En sortie d’hiver, les premiers insectes observés sur colza sont généralement le charançon de la tige du colza, à ne pas confondre avec le charançon de la tige du chou. Il arrive entre les stades C2 (entre-nœuds visibles) et E (boutons séparés). Viennent ensuite les méligèthes, entre « apparition des boutons accolés » (D1) et « apparition des premières fleurs » (F), suivis des charançons des siliques, avec une période de risque située entre le stade siliques de 2 à 4 cm (G2) et dix premières siliques bosselées (G4). Les pucerons cendrés peuvent être présents durant tout le printemps, voire dès la reprise de végétation dans les secteurs où les hivers sont doux.

Vols échelonnés

Si les charançons de la tige arrivent tôt dans les parcelles, ils ne seront pas nuisibles tant que la tige n’a pas repris sa croissance. Une fois le colza au stade sensible, les arrivées précoces sont souvent sporadiques, avec des vols qui s’intensifient par la suite. Il faudra donc attendre avant d’intervenir.

Dans le cas d’arrivées plus tardives, il est conseillé de traiter huit à dix jours après les premières captures significatives, ou au moment du pic de vol régional (consulter le BSV).

Vis-à-vis des méligèthes, lorsqu’un colza est vigoureux, au stade D1, il est possible d’attendre avant d’intervenir, en poursuivant l’observation. Au stade E, le seuil est de six à neuf insectes par plante et de quatre à six dans le sud de la France, où elle est plus sensible au stress hydrique. En revanche, pour un colza moins vigoureux, le seuil sera d’un insecte par plante au stade D1, et de deux à trois à « boutons séparés ». « Cependant, avant d’intervenir, il ne faut pas se précipiter lorsque le seuil est atteint, car ces insectes arrivent également dans les parcelles par des vols échelonnés », souligne Céline Robert, de Terres Inovia.

Le choix d’un insecticide adapté est important, notamment pour limiter le risque de sélection de populations résistantes (lire l’encadré en p. 37).

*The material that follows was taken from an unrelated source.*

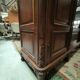 Three-door wardrobe, Regency style, 1910-1920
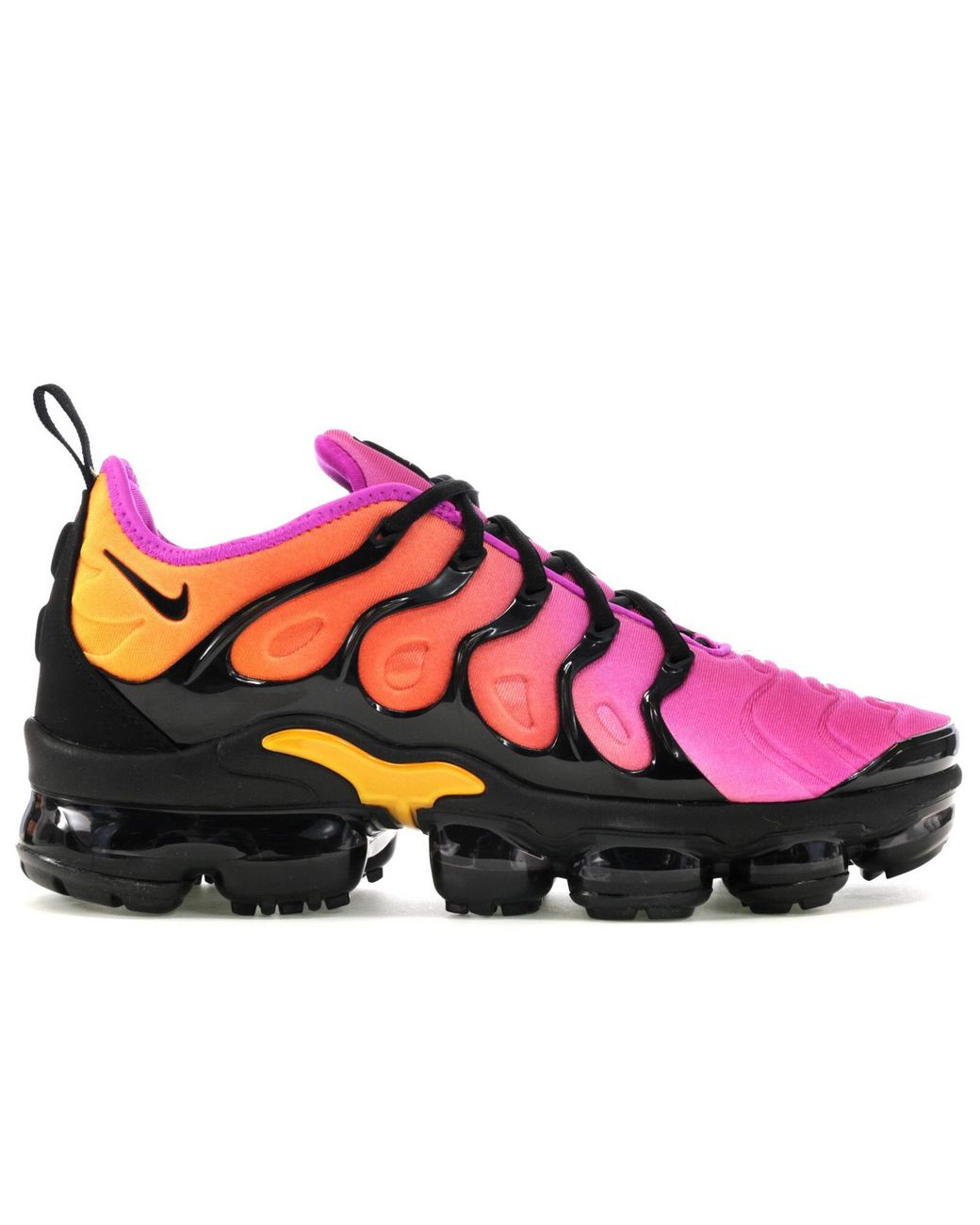 nike womens air vapormax plus sherbet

Laurent Ruck, responsable de l’évaluation des insecticides chez Terres Inovia, préconise d’utiliser contre les charançons de la tige des pyréthrinoïdes en « ine » : la deltaméthrine, la cyperméthrine ou la lambda-cyhalothrine. Contre les méligèthes, il est possible d’employer le Mavrik Smart (tau-fluvalinate), Trébon 30 EC (étofenprox) ou Steward (indoxacarbe). Cette dernière molécule étant retirée, l’institut conseille de faire appel aux stocks cette année.

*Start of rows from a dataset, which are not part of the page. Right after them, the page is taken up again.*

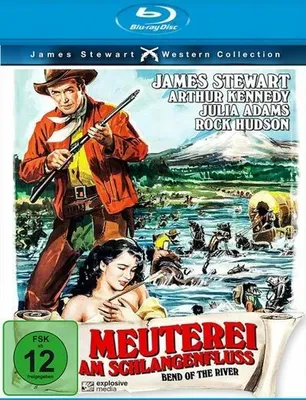Produktbild von Meuterei am Schlangenfluss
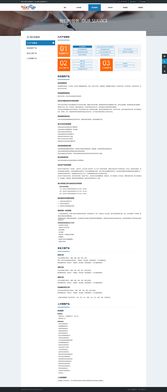 企業管理咨詢公司網站 專業助力企業高效運營與持續發展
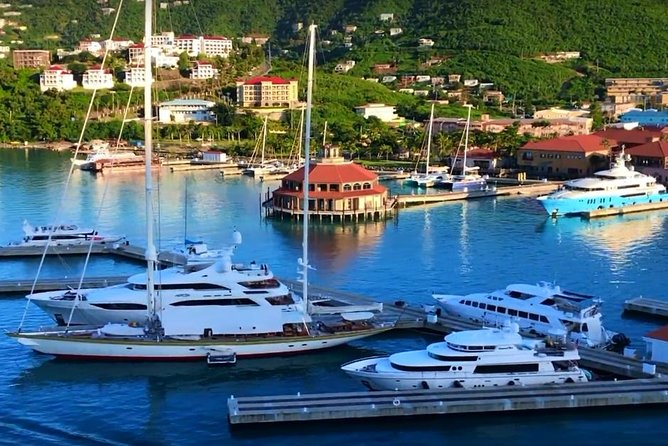 St John Island and Trunk Bay Beach Tour - Tour Overview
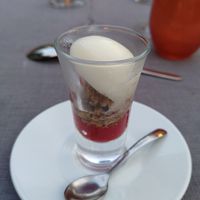 Dessert 1 at Au Pois Gourmand in Toulouse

Boravi WG, à base de phosmet (molécule retirée, pouvant être employée jusqu’au 1er novembre 2022) n’est pas recommandé au printemps. « Il y a tout intérêt à le garder pour lutter contre les altises et charançons du bourgeon terminal à l’automne 2022 », souligne le spécialiste. En revanche, si on est confronté aux deux coléoptères en même temps, il faudra utiliser, de préférence, Trebon 30 EC. Contre un autre ravageur, moins observé, le charançon des siliques, on luttera avec un produit à base de lambda-cyhalothrine ou de deltaméthrine, avec mention abeilles.

Pucerons cendrés

Quant au puceron cendré, qui risque de se développer au printemps dans le Sud-Ouest et à l’ouest, s’il se manifeste en même temps que le méligèthe, il est possible d’appliquer Mavrik Smart. Il aura une efficacité sur les pucerons si les colonies ne sont pas trop importantes. En cas de fortes pressions, il est conseillé d’opter pour Mavrik Jet, qui associe tau-fluvalinate au pyrimicarbe.

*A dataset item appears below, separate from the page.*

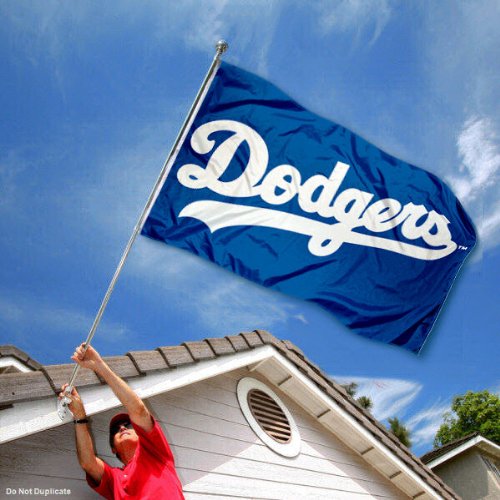 Los Angeles Dodgers Flag 3x5 Banner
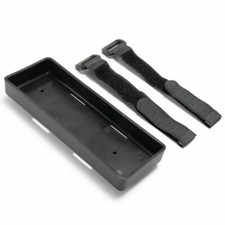Battery Box Bracket Tray Case for 1/10 1/8 Axial SCX10 D90 RC Crawler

Lorsque charançon de la tige, méligèthe et pucerons sont présents simultanément, Terres Inovia recommande la lambda-cyhalothrine, efficace sur charançon de la tige, mais aussi sur les premiers pucerons. Il sera certainement nécessaire de réintervenir rapidement contre les méligèthes, car ils sont résistants à cette molécule. On choisira alors Mavrik Smart, efficace sur pucerons et méligèthes résistants. Si la pression devient très forte en pucerons, il est possible d’opter pour Karaté K.

De plus, la lambda-cyhalothrine pourra être employée dans le cas d’une présence de charançons des siliques et des pucerons. « Si cela ne suffit pas, un pyréthrinoïde pouvant difficilement atteindre la totalité du manchon, on utilisera Mavrik Jet », souligne Laurent Ruck. En cas de présence de pucerons plus tardive, mais tout en restant à plus d’un mois de la récolte, on fera appel, là aussi, de préférence à Mavrik Jet, pour atteindre les manchons.

Dans tous les cas, il convient de rester vigilant sur le nombre d’applications possibles à réaliser avec ces différents insecticides et d’employer des produits avec mention abeilles dès l’apparition des premières fleurs.